DANGOTE-REFINERY-1 (1).jpg
A Federal High Court has dismissed NNPCL’s bid to stop Dangote Refinery’s ₦100 billion lawsuit challenging fuel import licenses. The ruling also rejected the FCCPC’s intervention request. The case, which could reshape Nigeria’s petroleum sector, will continue in March as Dangote fights to limit fuel imports.

The Federal High Court in Abuja has dismissed the Nigerian National Petroleum Company Limited’s (NNPCL) attempt to stop a ₦100 billion lawsuit filed by Dangote Petroleum Refinery over fuel importation. Justice Inyang Ekwo ruled against both NNPCL’s objection and the Federal Competition and Consumer Protection Commission’s (FCCPC) bid to join the case.

Dangote Refinery initiated the legal battle to challenge the issuance of fuel import licenses to NNPCL and other private marketers, arguing that such permits contradict the Petroleum Industry Act. The refinery insists it has sufficient capacity to meet Nigeria’s fuel demands and seeks to prevent imports that could disrupt its market position.

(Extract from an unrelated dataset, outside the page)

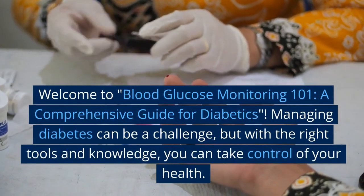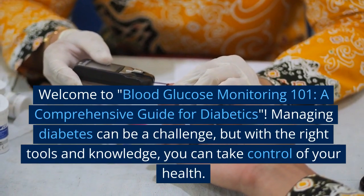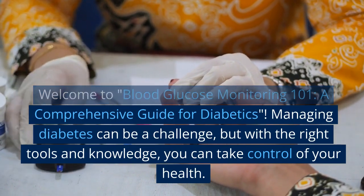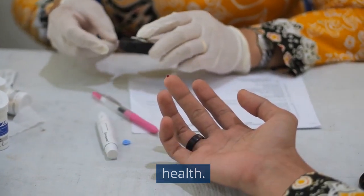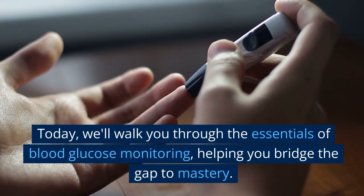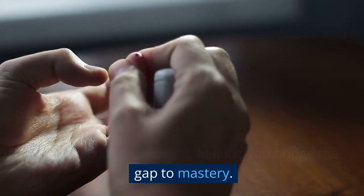Welcome to Blood Glucose Monitoring 101, a comprehensive guide for diabetics. Managing diabetes can be a challenge, but with the right tools and knowledge, you can take control of your health. Today, we'll walk you through the essentials of blood glucose monitoring, helping you bridge the gap to mastery.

The FCCPC sought to join the case, asserting that Dangote’s lawsuit could lead to a monopoly in the petroleum sector. However, the court rejected the commission’s request, ruling that the case could proceed without its involvement.

NNPCL, in its defense, questioned the validity of the suit, arguing that the entity mentioned in the legal filing, "NNPC," does not exist in its registered corporate name. The court dismissed this claim and allowed Dangote Refinery to amend its filing to reflect the correct entity name.

With the legal battle ongoing, industry experts anticipate significant implications for Nigeria’s fuel supply chain and competition in the downstream sector. The case has been adjourned until March 6 for further proceedings.